Source material START
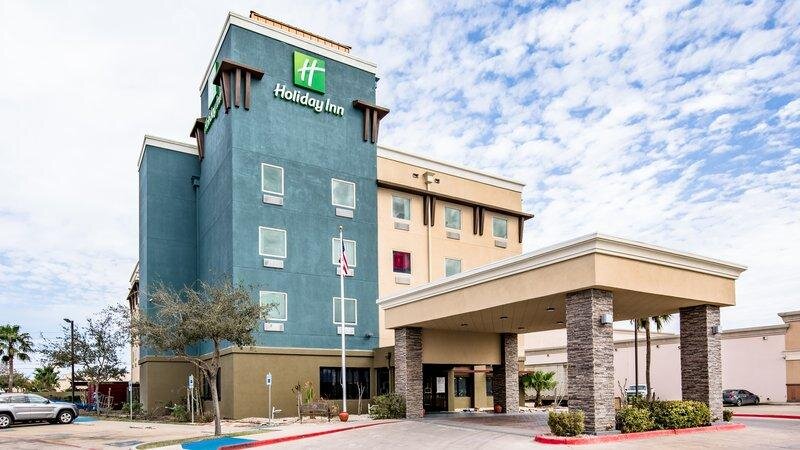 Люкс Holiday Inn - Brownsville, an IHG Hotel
Source material END
Source material START
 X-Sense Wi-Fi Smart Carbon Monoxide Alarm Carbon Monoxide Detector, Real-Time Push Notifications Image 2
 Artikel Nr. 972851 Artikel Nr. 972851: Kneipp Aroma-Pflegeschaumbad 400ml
Source material END
_Brief_:
Print exactly the lines above, between the one holding "X-Sense Wi-Fi Smart" and the one holding "Artikel Nr. 972851 Artikel", inclusive, and nothing besides.

_Response area_:
 X-Sense Wi-Fi Smart Carbon Monoxide Alarm Carbon Monoxide Detector, Real-Time Push Notifications Image 2
 Artikel Nr. 972851 Artikel Nr. 972851: Kneipp Aroma-Pflegeschaumbad 400ml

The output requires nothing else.